Record excerpts section start

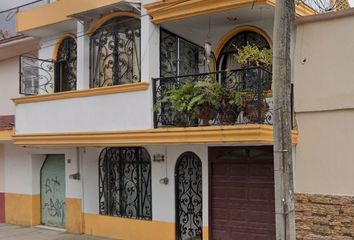 Casa en  Calle Abasolo, Centro, Tepic, Nayarit, México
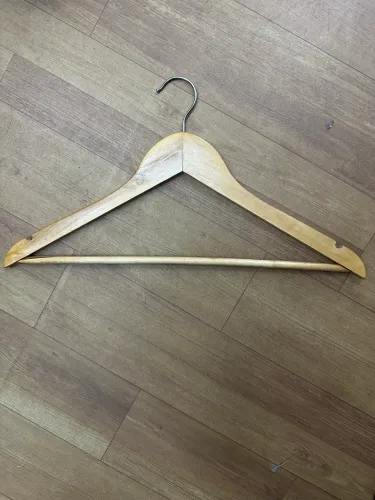 vendo cabides em madeira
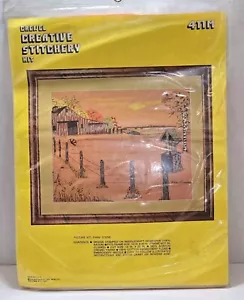 Kit de costura Vogart Crafts Crewel "Escena de granja" 411M vintage 1975 granero pozo - Imagen 1 de 19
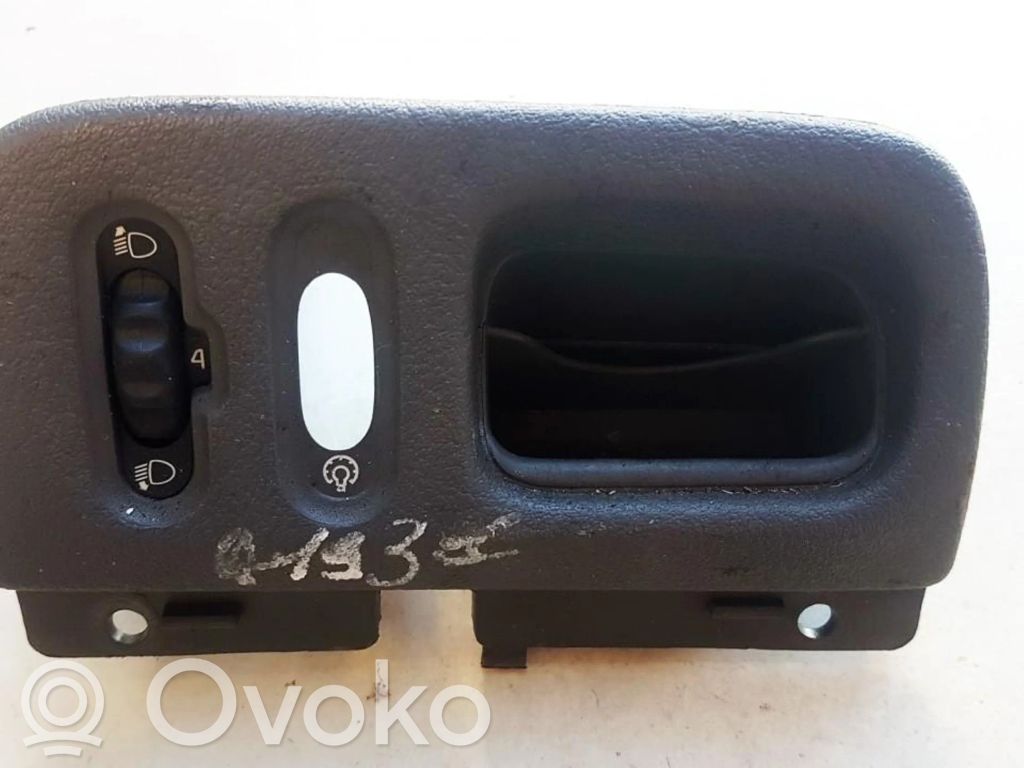 Renault Megane I Interruttore di regolazione livello altezza dei fari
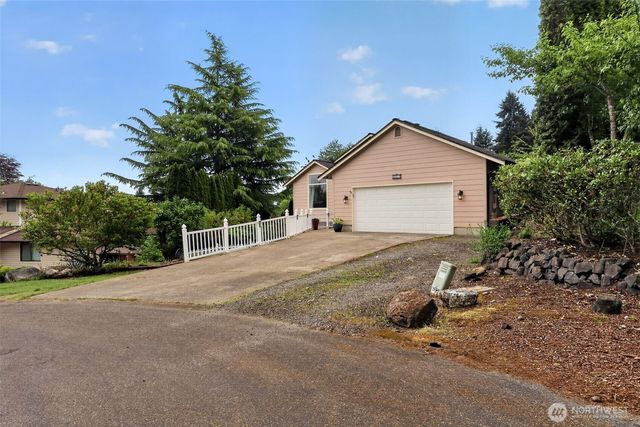 1314 Starlite Court E, Lacey, WA 98503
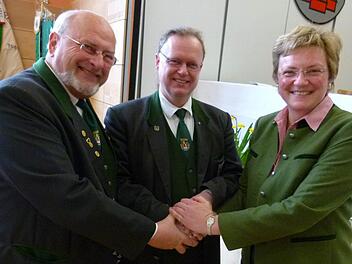 Dem neuen 1. Gauschützenmeister Klaus Jentsch (Mitte) gratulierten der Erste Bezirksschützenmeister Volker Gottfried und die Europaabgeordnete Monika Hohlmeier. Foto: Lothar Weidner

Record excerpts section end

▸ What to do: Reproduce exactly and only the lines from the line that contains "1314 Starlite Court E, Lacey, WA 98503" to the end of the data above, both ends included. No pictures go in the copy.

▸ Output for this task:
 1314 Starlite Court E, Lacey, WA 98503
 Dem neuen 1. Gauschützenmeister Klaus Jentsch (Mitte) gratulierten der Erste Bezirksschützenmeister Volker Gottfried und die Europaabgeordnete Monika Hohlmeier. Foto: Lothar Weidner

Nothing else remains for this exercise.